__What to produce__
Leaving the images out, output each entry below exactly.

START Given entries

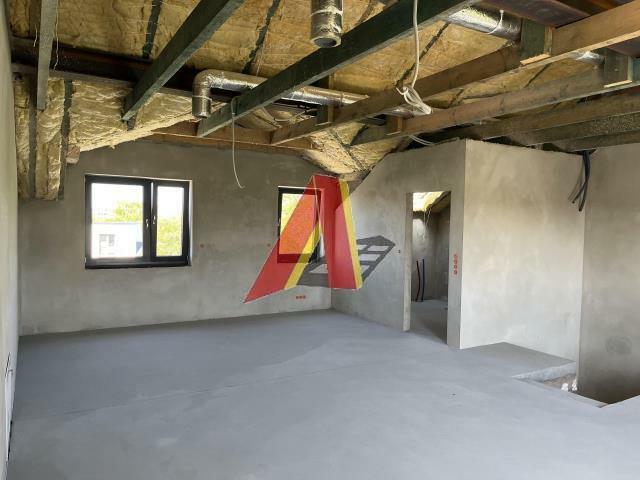 Dom Kraków Podgórze, Ruczaj, Czerwone Maki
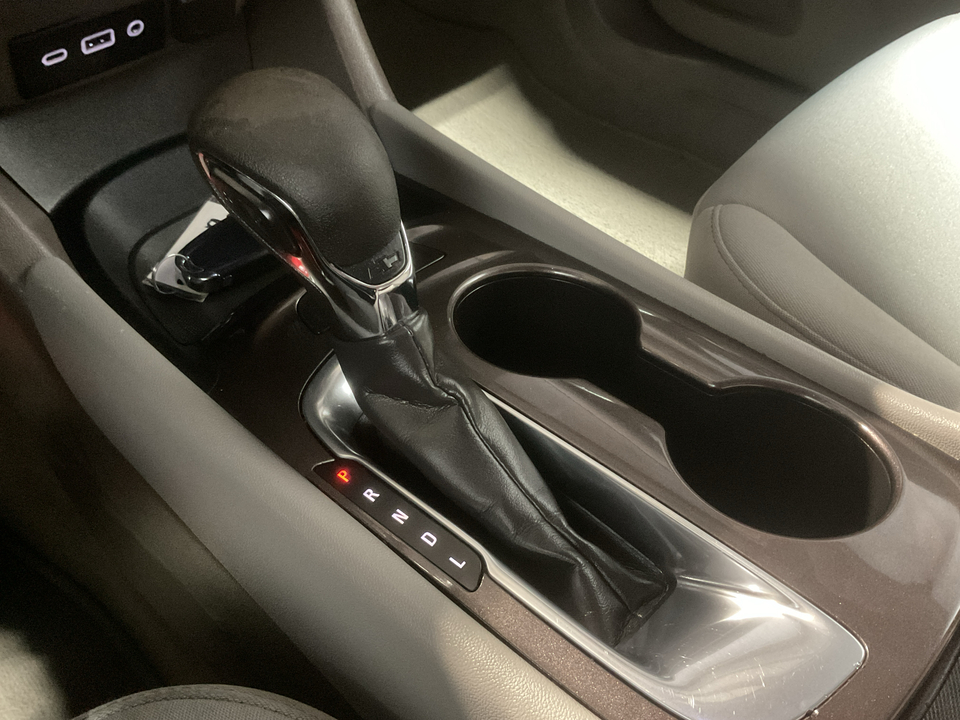 2022 Chevrolet Malibu LS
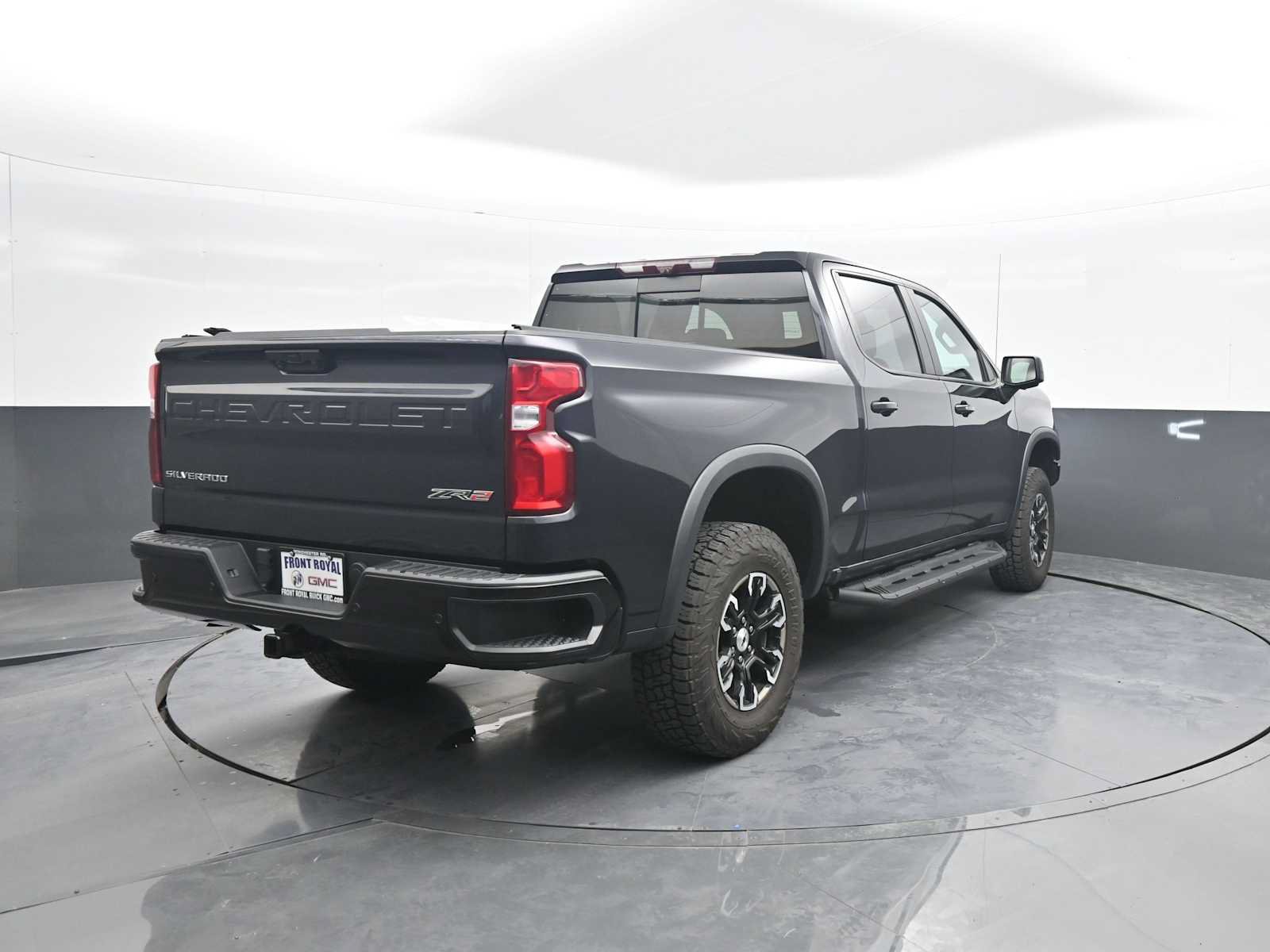 Used 2022 Chevrolet Silverado 1500 ZR2 w/ Technology Package AWD/4WD image 7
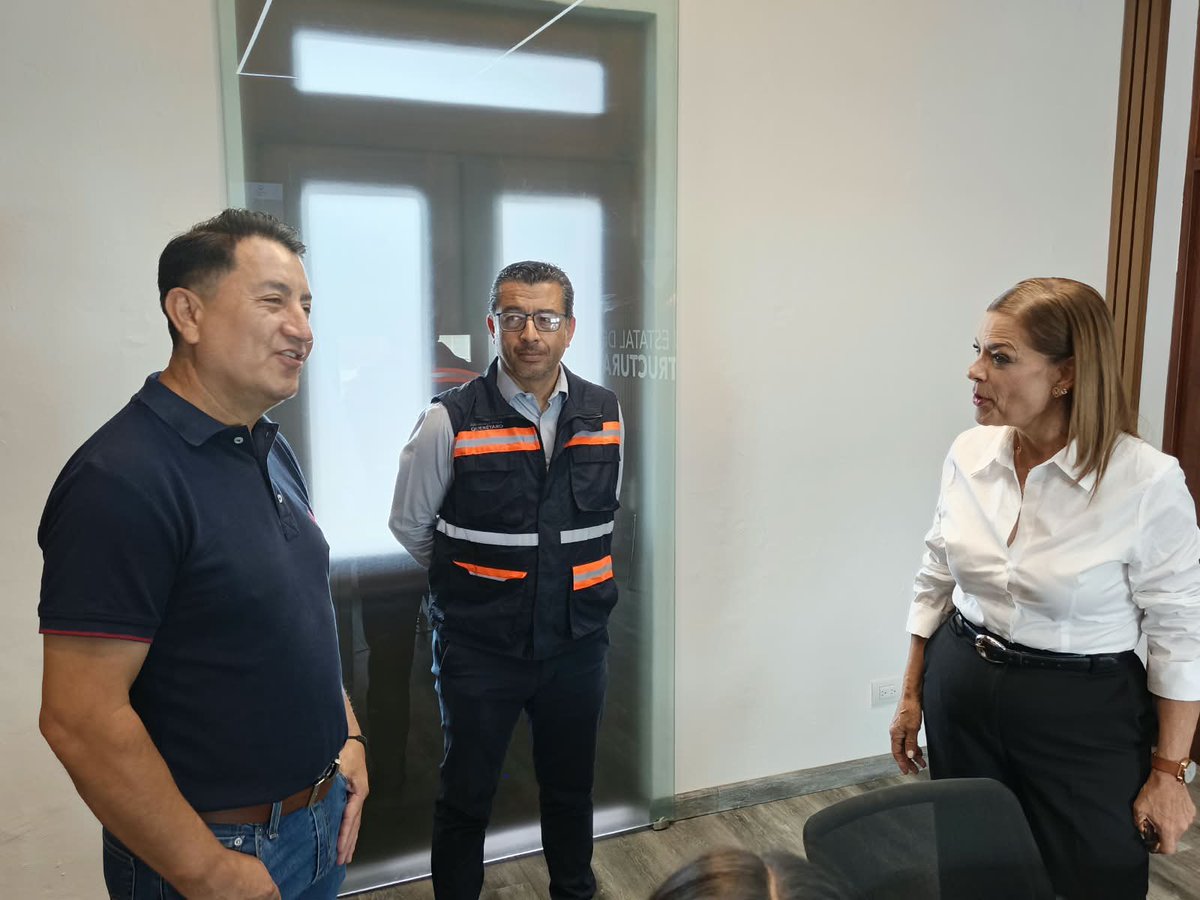 SoniaScarrillo's tweet photo. Una gran institución de puertas abiertas, como la @CEI_Qro, se construye escuchando. Mantenemos un diálogo cercano con la ciudadanía para atender sus necesidades, sumar propuestas y fortalecer la confianza en nuestras instituciones.

#AquíContigo https://t.co/71UWEN425I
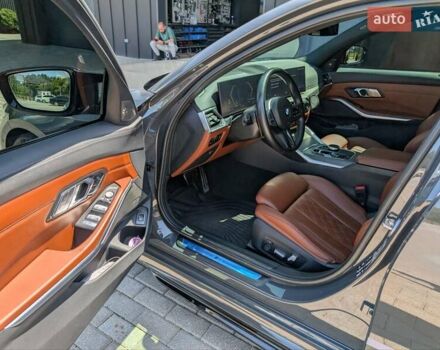 Сірий БМВ 3 Серія, об'ємом двигуна 3 л та пробігом 45 тис. км за 72500 $, фото 22 на Automoto.ua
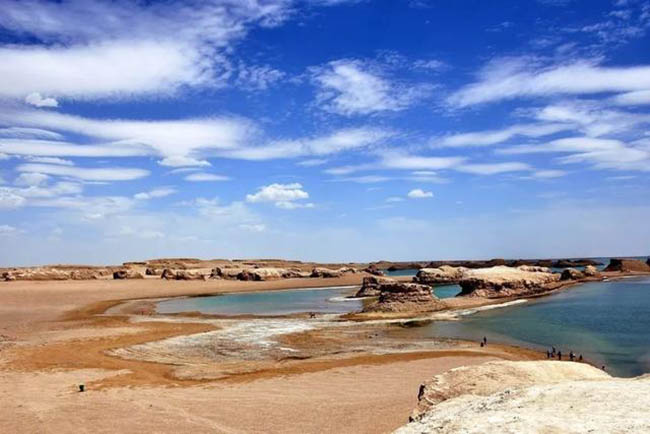 Ở Trung Quốc c&oacute; một nơi như vậy, đ&oacute; l&agrave; Wusute, nằm ở ph&iacute;a bắc Thanh Hải.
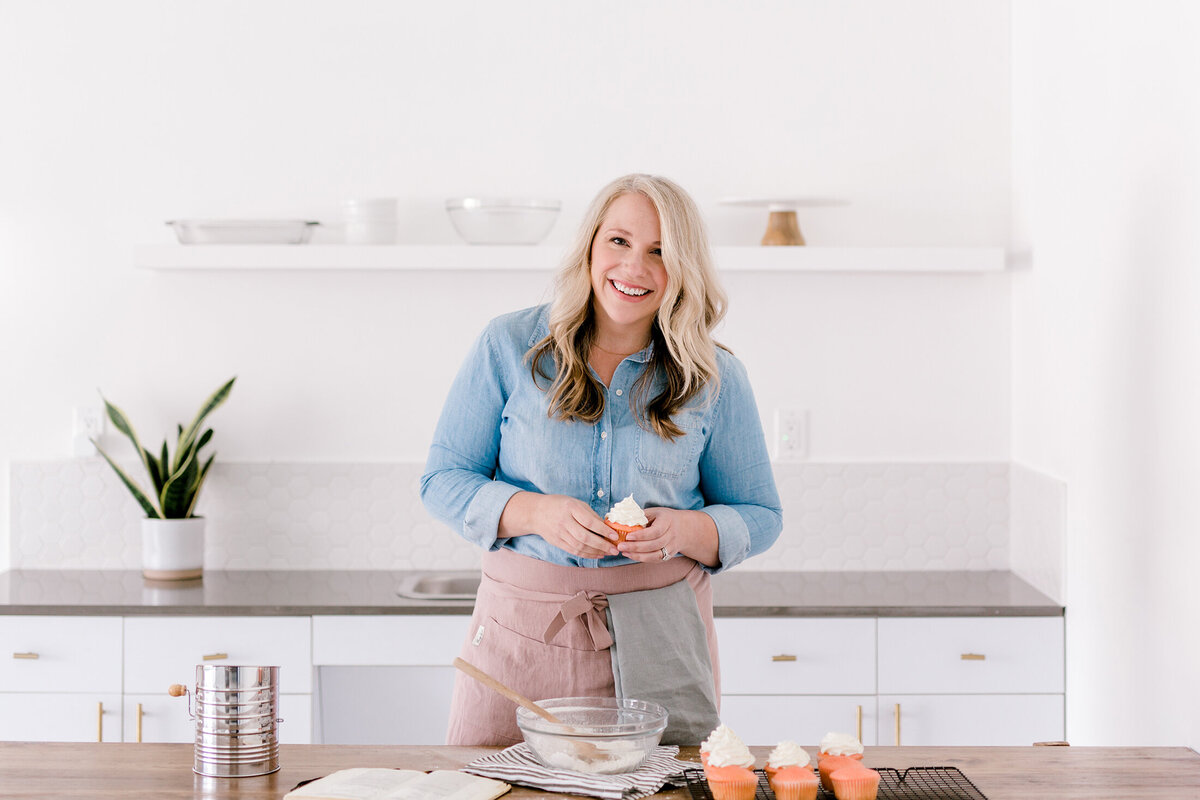 Dallas Brand Photography for Creatives | Laylee Emadi | Catie Ann Baking | Brand Mini Session 23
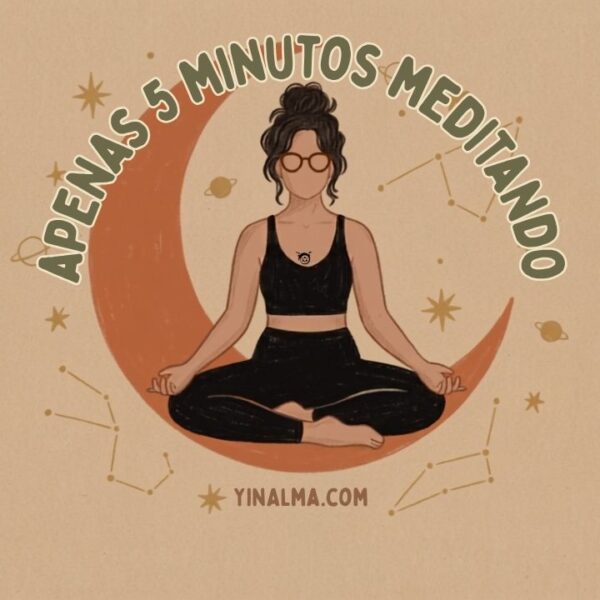 Imagem mostra mulher em posição de meditação sentada no chão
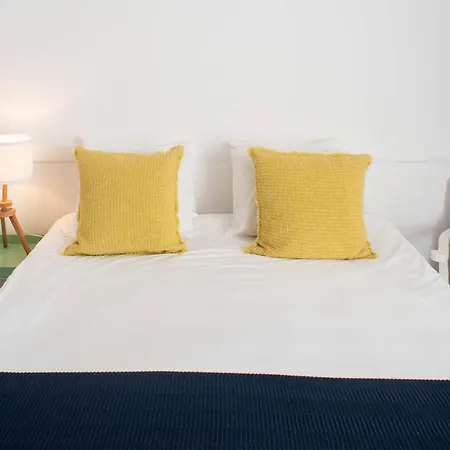 Апартаменты With Lift Эрисейра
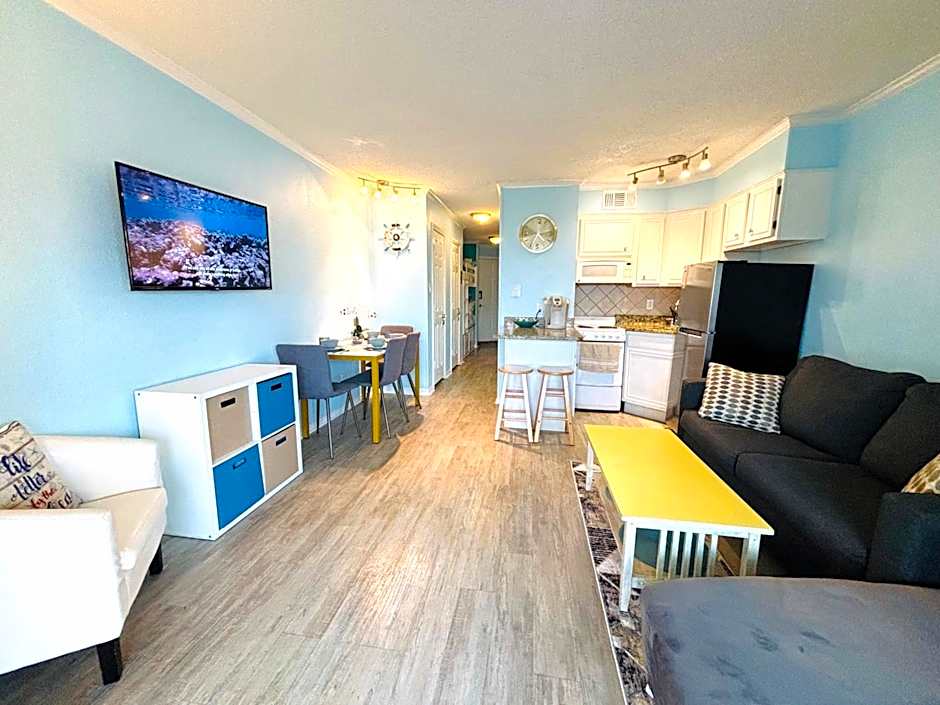Beautiful newly renovated beachfront condo at Casa Del Mars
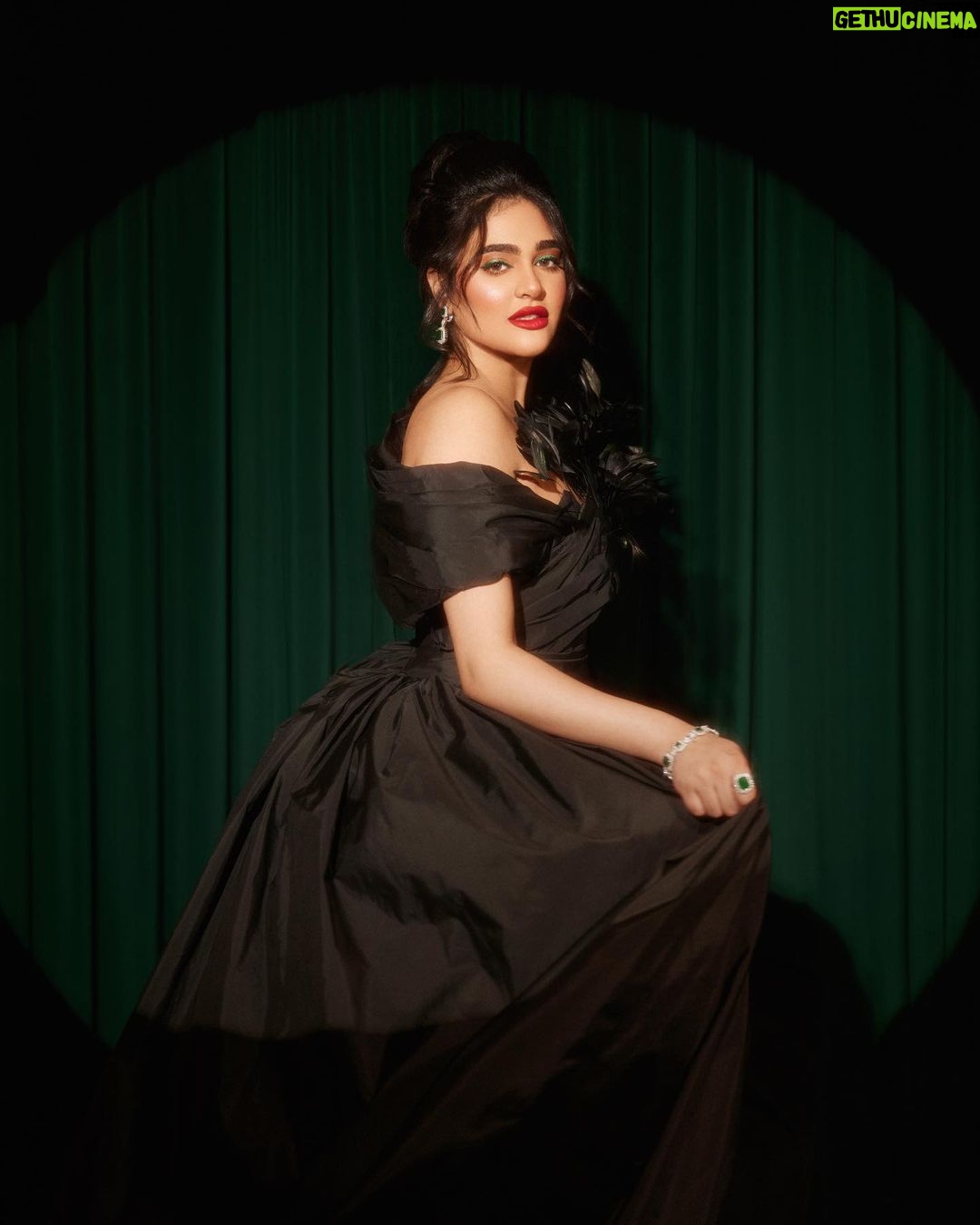 Layali Dehrab Instagram - Stylist: @musaed.d Dress: @elioaboufayssal Jewelry: @a.h.alfares Makeup: @lynmakeup7 Hair: @ghaidasalon Photography: @leo_graphy90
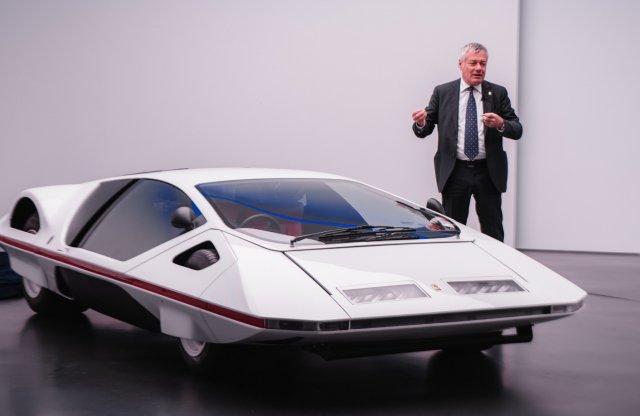 Felnyalható változat készült a legkülönlegesebb Ferrariból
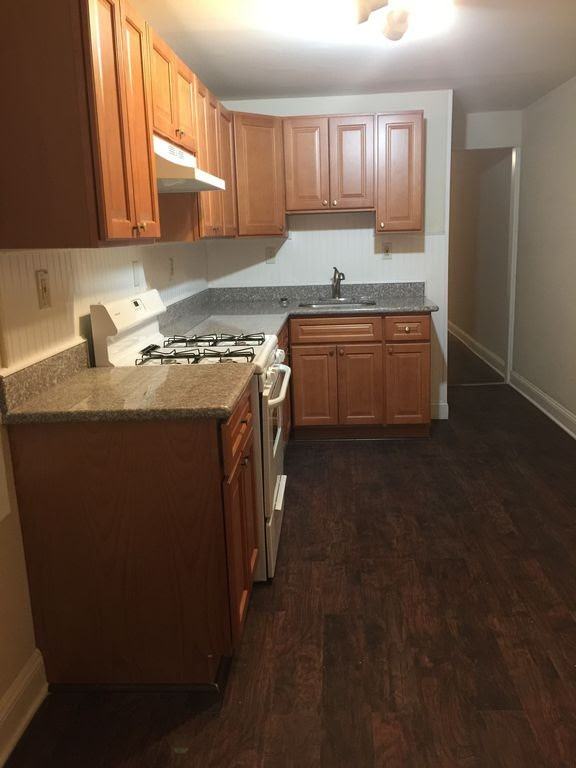 707 Beatty St - Photo 2 of 15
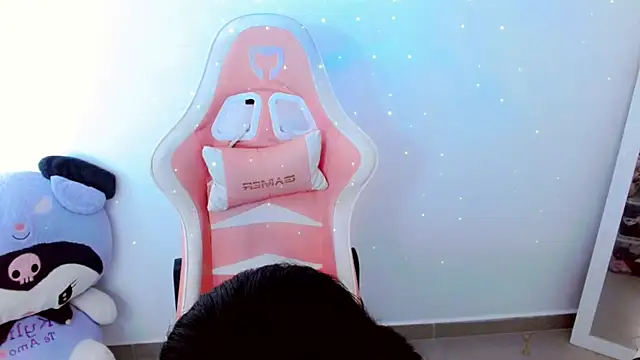 Snapshot of Kylie_martinez chatting on 02-17-26, 05:21 Kylie martinez online show from 02-17-26, 05:21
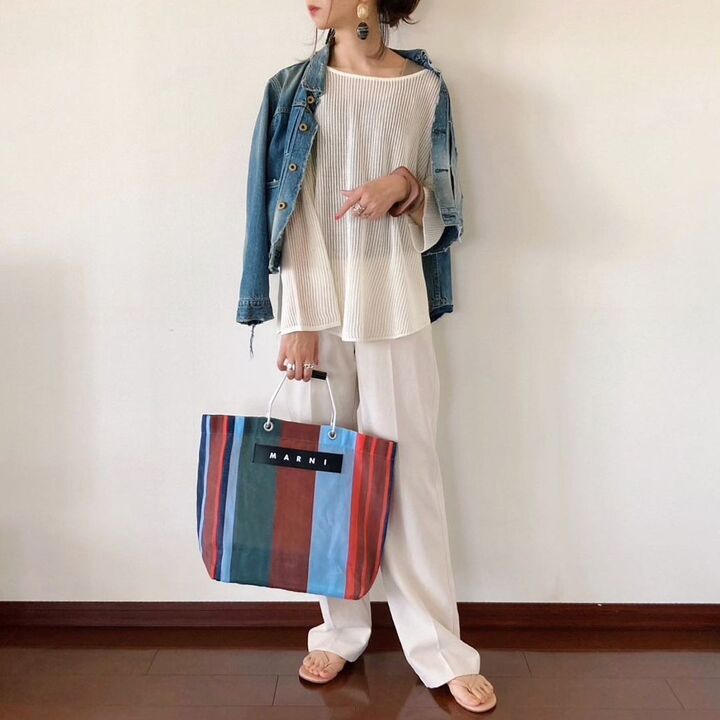 【GU】透け感が絶妙な大人のメッシュセーターでこなれた夏コーデの完成!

END Given entries

__Exercise response__
 Dom Kraków Podgórze, Ruczaj, Czerwone Maki
 2022 Chevrolet Malibu LS
 Used 2022 Chevrolet Silverado 1500 ZR2 w/ Technology Package AWD/4WD image 7
 SoniaScarrillo's tweet photo. Una gran institución de puertas abiertas, como la @CEI_Qro, se construye escuchando. Mantenemos un diálogo cercano con la ciudadanía para atender sus necesidades, sumar propuestas y fortalecer la confianza en nuestras instituciones.

#AquíContigo https://t.co/71UWEN425I
 Сірий БМВ 3 Серія, об'ємом двигуна 3 л та пробігом 45 тис. км за 72500 $, фото 22 на Automoto.ua
 Ở Trung Quốc c&oacute; một nơi như vậy, đ&oacute; l&agrave; Wusute, nằm ở ph&iacute;a bắc Thanh Hải.
 Dallas Brand Photography for Creatives | Laylee Emadi | Catie Ann Baking | Brand Mini Session 23
 Imagem mostra mulher em posição de meditação sentada no chão
 Апартаменты With Lift Эрисейра
Beautiful newly renovated beachfront condo at Casa Del Mars
 Layali Dehrab Instagram - Stylist: @musaed.d Dress: @elioaboufayssal Jewelry: @a.h.alfares Makeup: @lynmakeup7 Hair: @ghaidasalon Photography: @leo_graphy90
 Felnyalható változat készült a legkülönlegesebb Ferrariból
 707 Beatty St - Photo 2 of 15
 Snapshot of Kylie_martinez chatting on 02-17-26, 05:21 Kylie martinez online show from 02-17-26, 05:21
 【GU】透け感が絶妙な大人のメッシュセーターでこなれた夏コーデの完成!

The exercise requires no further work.